▶ [What to work on] Restate word for word only the lines running from the one with "Cama box de casal com colchão novo" to the end of the data, both ends included. Omit any pictures.

▶ [Task input]
===

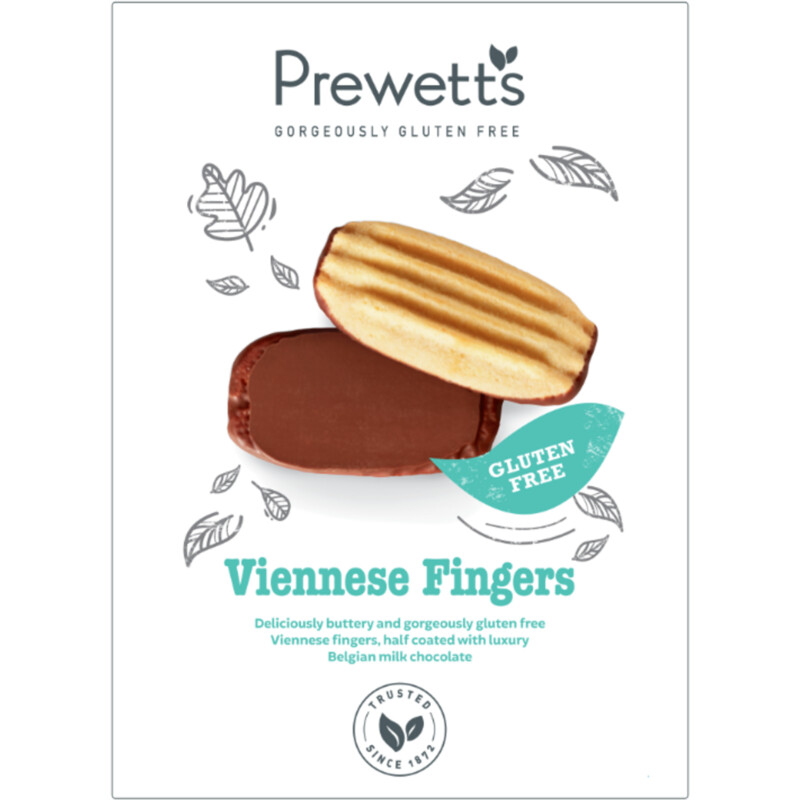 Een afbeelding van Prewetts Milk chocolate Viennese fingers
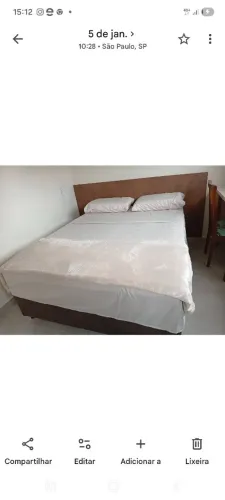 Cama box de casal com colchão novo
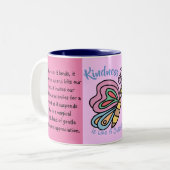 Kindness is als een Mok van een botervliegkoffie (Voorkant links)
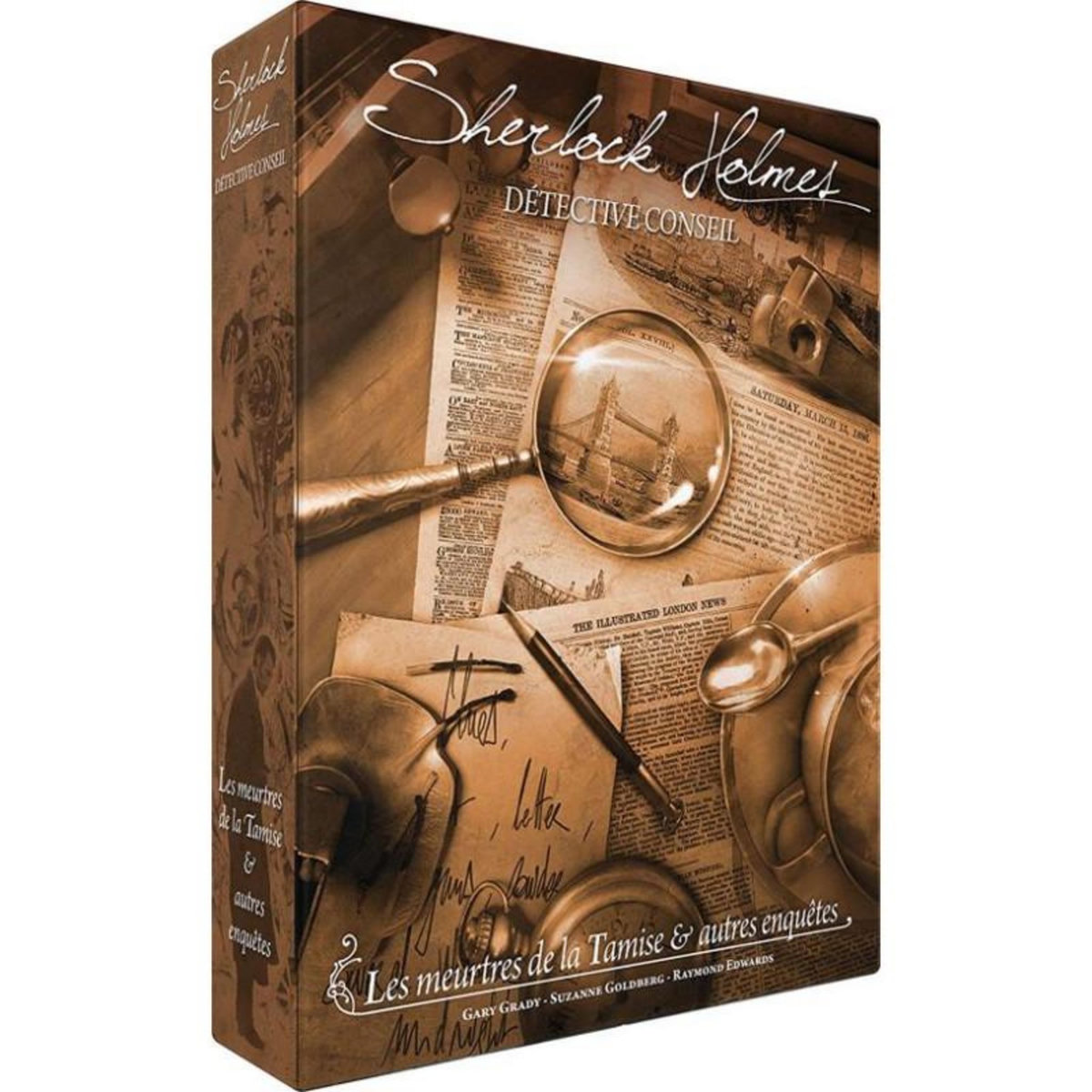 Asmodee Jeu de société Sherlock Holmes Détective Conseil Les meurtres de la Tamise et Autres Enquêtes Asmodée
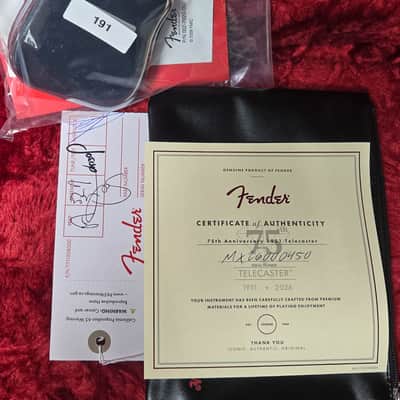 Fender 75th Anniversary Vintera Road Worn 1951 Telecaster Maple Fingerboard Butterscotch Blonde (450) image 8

===

▶ [Solution for this exercise]
 Cama box de casal com colchão novo
 Kindness is als een Mok van een botervliegkoffie (Voorkant links)
 Asmodee Jeu de société Sherlock Holmes Détective Conseil Les meurtres de la Tamise et Autres Enquêtes Asmodée
 Fender 75th Anniversary Vintera Road Worn 1951 Telecaster Maple Fingerboard Butterscotch Blonde (450) image 8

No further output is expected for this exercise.